The hearing was one of six acts of civil disobedience organized last year by the N.H. Poor People’s Campaign, an effort to raise awareness about poverty, environmental issues, racism and “militarism,” and the ways those issues intersect.
Gibson, 81, said he was motivated to act by outrage over the “tremendous disparities” he sees in the U.S., including people who have no health insurance or no place to live.
“I don’t mind breaking the law over this, because I think it gives me a chance, an opportunity to speak, and to say it in a form I can’t ordinarily speak in,” Gibson said.
Gibson said he traveled to Washington, D.C., for the original Poor People’s Campaign — a massive demonstration in 1968 planned by Martin Luther King Jr. and carried out after his death.
At last year’s protest at the N.H. Statehouse, dozens of people took over the Executive Council chambers in the afternoon.
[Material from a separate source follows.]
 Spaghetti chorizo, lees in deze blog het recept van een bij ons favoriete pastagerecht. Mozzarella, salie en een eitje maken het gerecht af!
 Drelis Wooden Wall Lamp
A State Police captain said afterward that they had not disrupted any proceedings.
Many of the demonstrators spoke about how economic issues had affected them personally, according to Poor People’s Campaign organizers.
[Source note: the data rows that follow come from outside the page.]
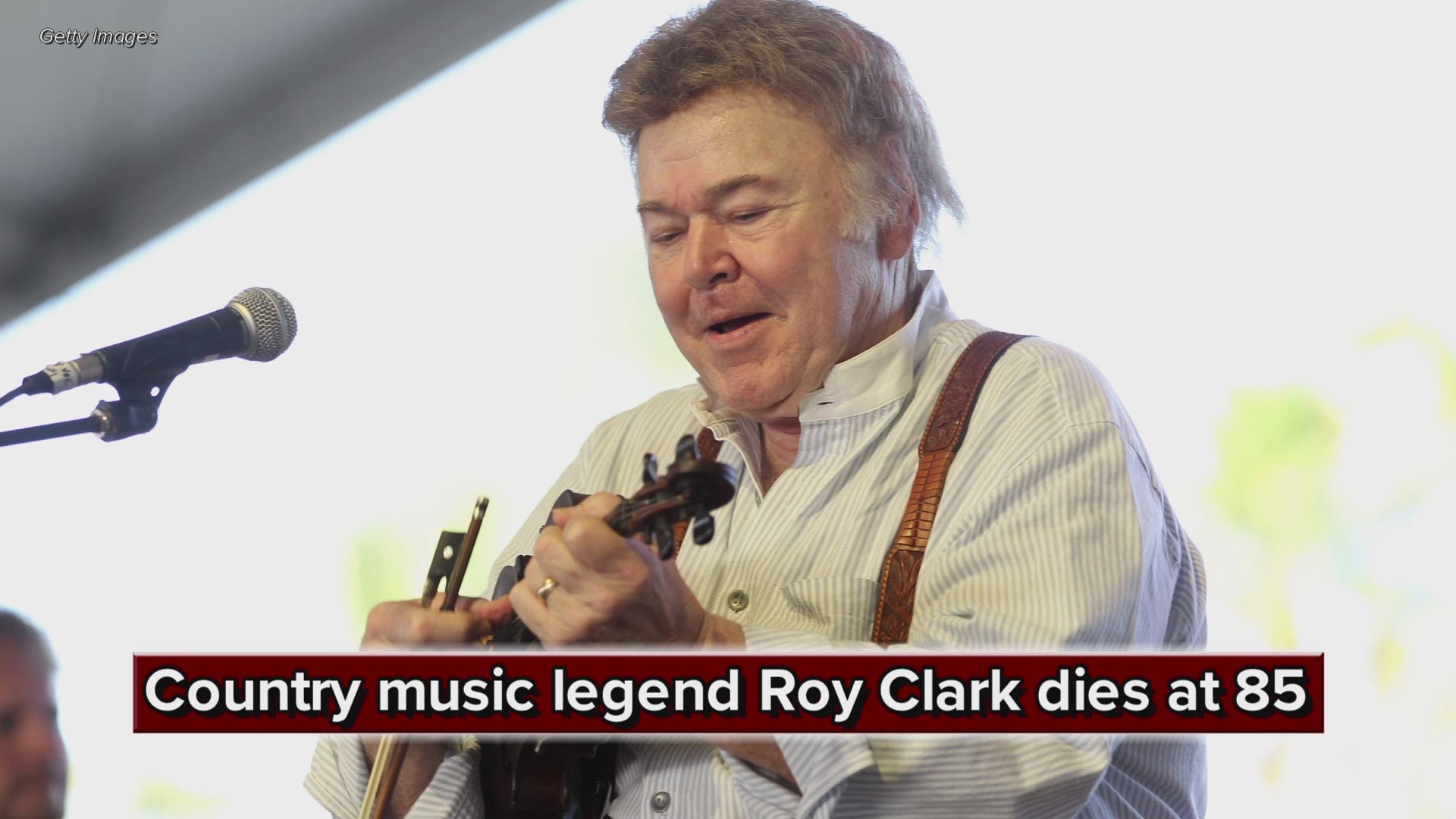 Roy Clark, country star and longtime 'Hee Haw' host, dead at 85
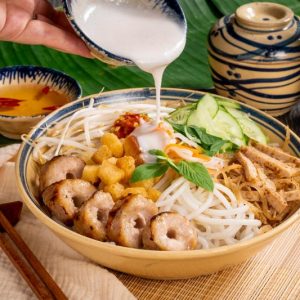 Bánh tằm bì nem nướng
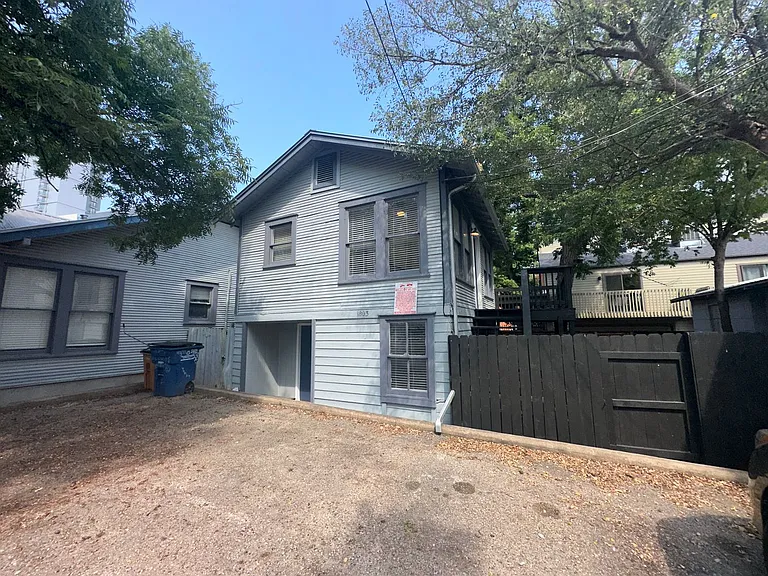 1803 Nueces St — Photo 3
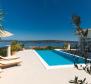 Exkluzív villa panorámás kilátással a tengerre Crikvenicában, a régió egyik legjobb luxusvillájában - pic 4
At 5 p.m., when the building closed, state troopers came to clear the room. The 10 people who chose to stay were arrested, the campaign said.
One of them was Reed, 74, a retired Keene State College professor of education. She said her turn to speak came right around 5 p.m.
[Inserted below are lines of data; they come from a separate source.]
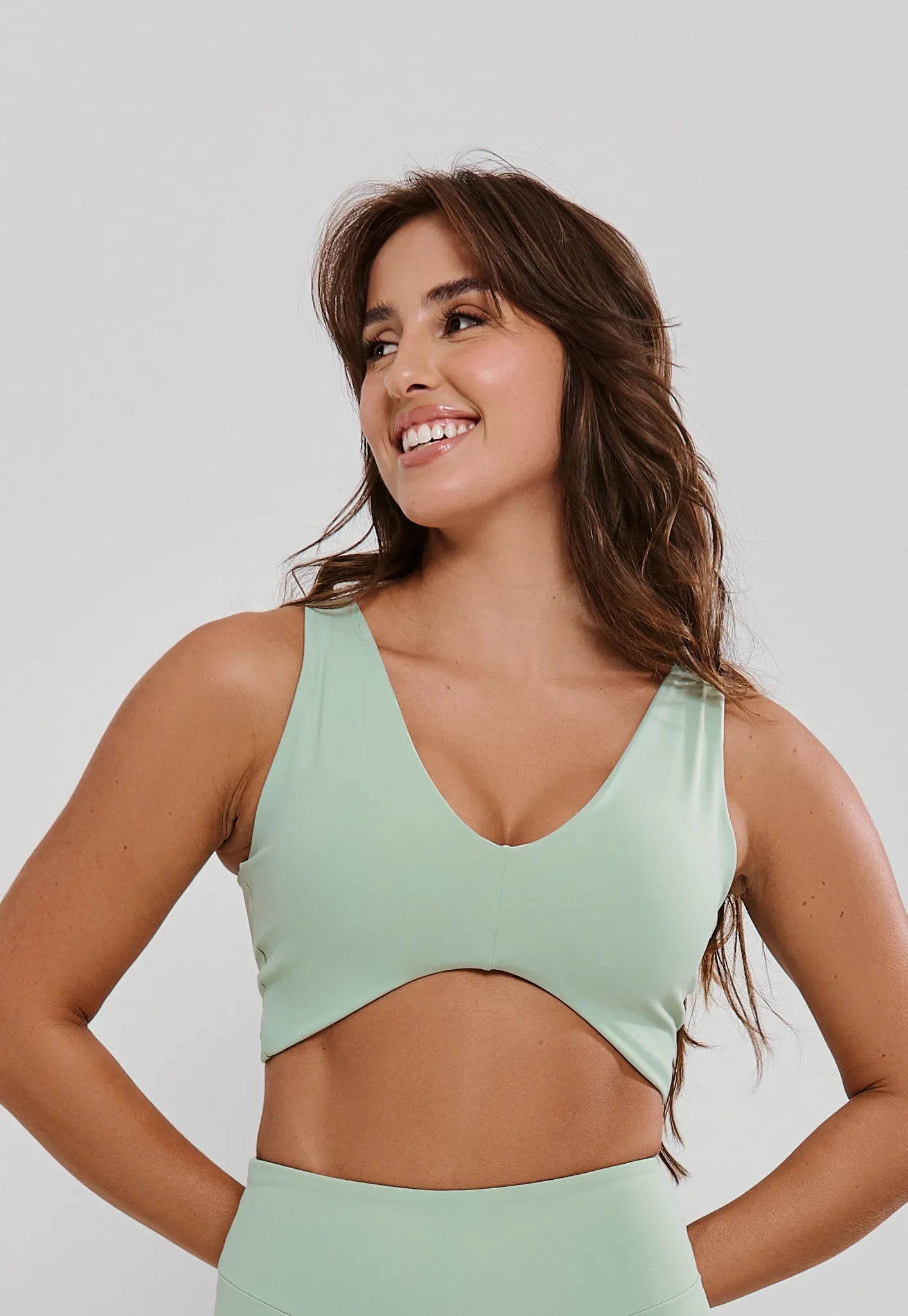 TOP DECOTE V E SILK COSTA  POLIAMIDA - VERDE ALOE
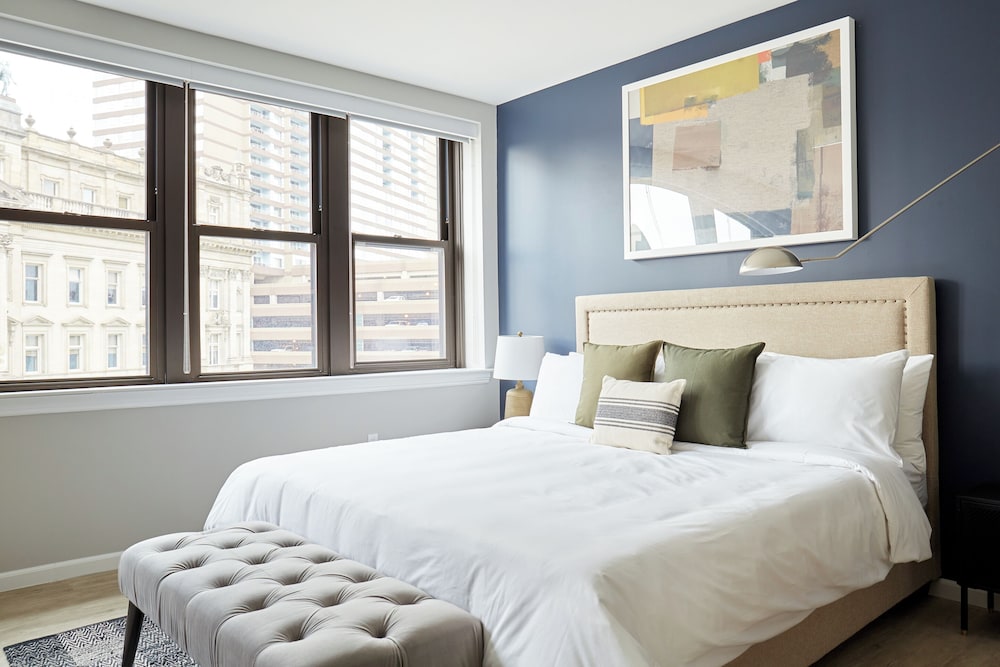 DELUXE, STUDIO, KING BED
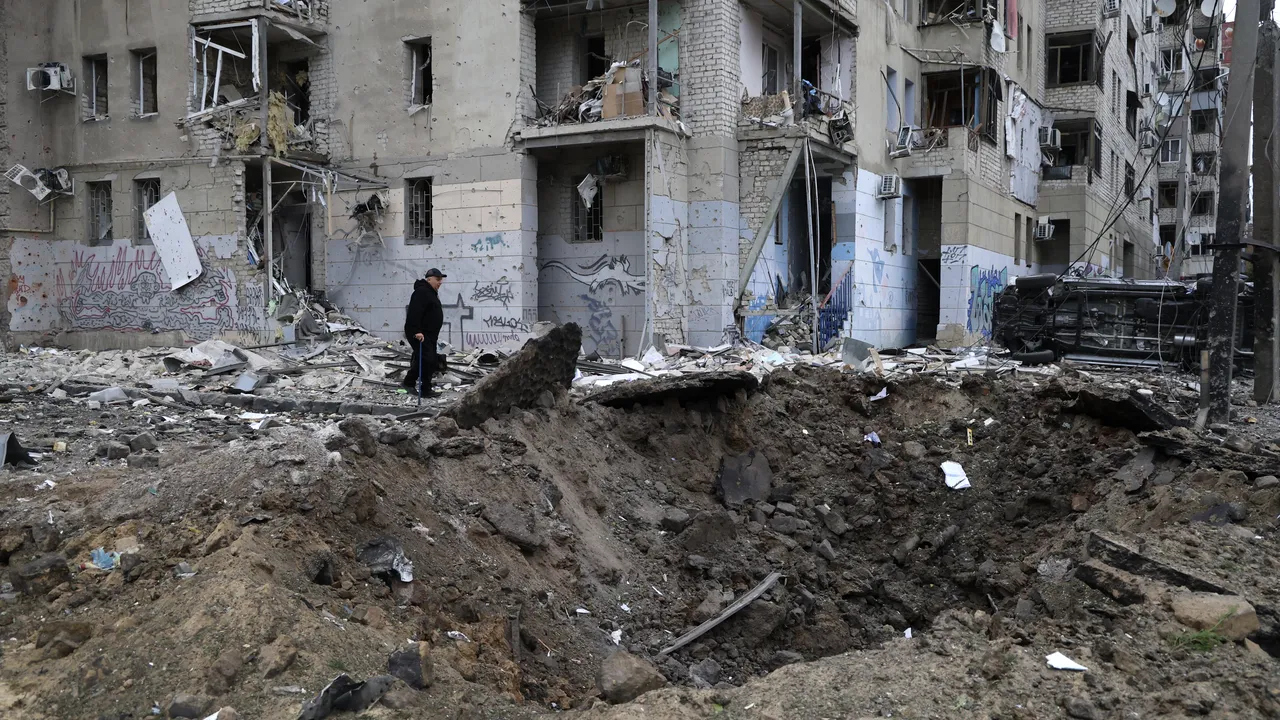 Războiul din Ucraina, ziua 979. Atacuri aeriene în Harkov şi în Kiev / Pentagonul: SUA nu vor impune noi limitări privind utilizarea de către Ucraina a armelor americane dacă Phenianul intră în război / Cecenia a fost lovită pentru prima dată de o dronă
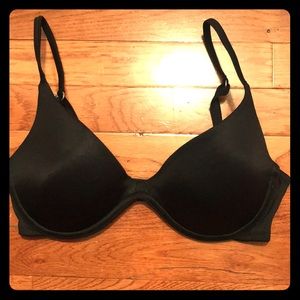 PINK Victoria’s Secret - black scoop neck bra 36C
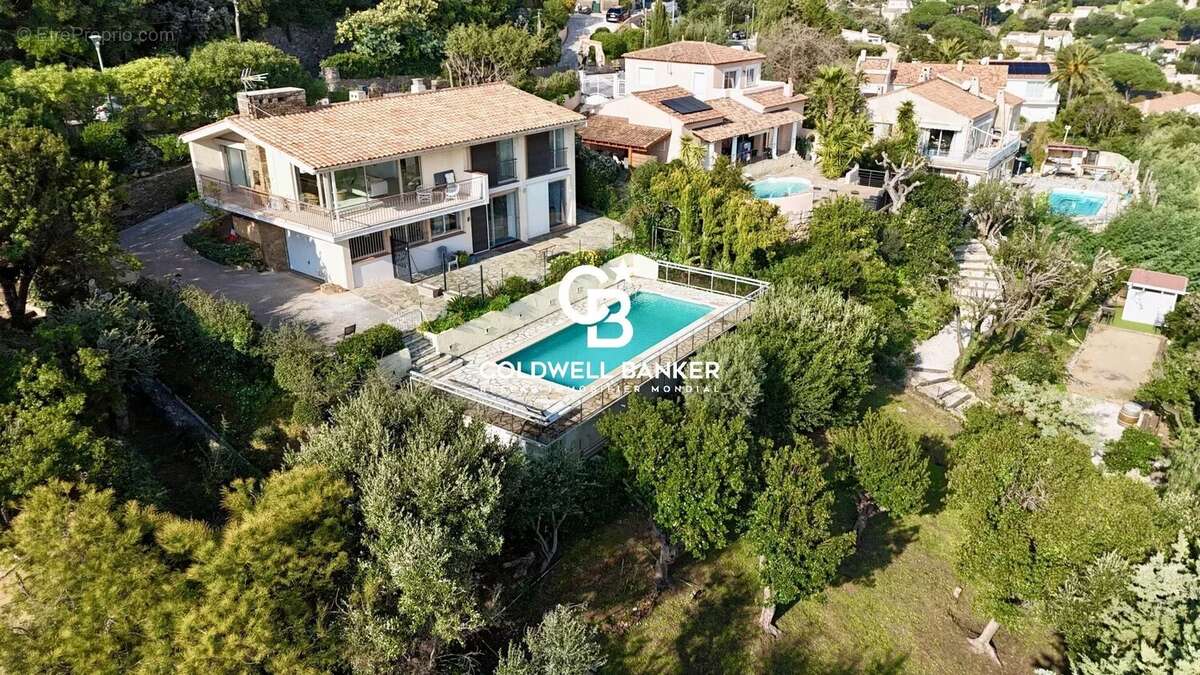 Maison à CAVALAIRE-SUR-MER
“I was just launching into my testimony when the State Police arrived and arrested those of us who refused to leave,” Reed said. “So I tried to keep talking for a while, but I got interrupted. So I’m hoping to use this opportunity to say what I couldn’t say then.”
Reed said she wanted to discuss disparities in school funding and the burden placed on communities with lower property values.
“So it isn’t necessarily that in all these towns the citizens are not stepping up, but they’re having to tax themselves at much higher rates,” she said. “And that’s not constitutional. It’s not fair, either.”
Reed was speaking to The Sentinel a day after a Cheshire County judge struck down New Hampshire’s school-funding formula because it fails to meet the state’s constitutional duty to fund an adequate education.
Martin, 69, hopes to raise the alarm about climate change, an issue she said New Hampshire politicians have not done enough to address. She expressed disappointment that the Granite Bridge natural gas pipeline project on the Seacoast, which is moving through the state approvals process, won the endorsement of nearly every state senator in office in spring 2018.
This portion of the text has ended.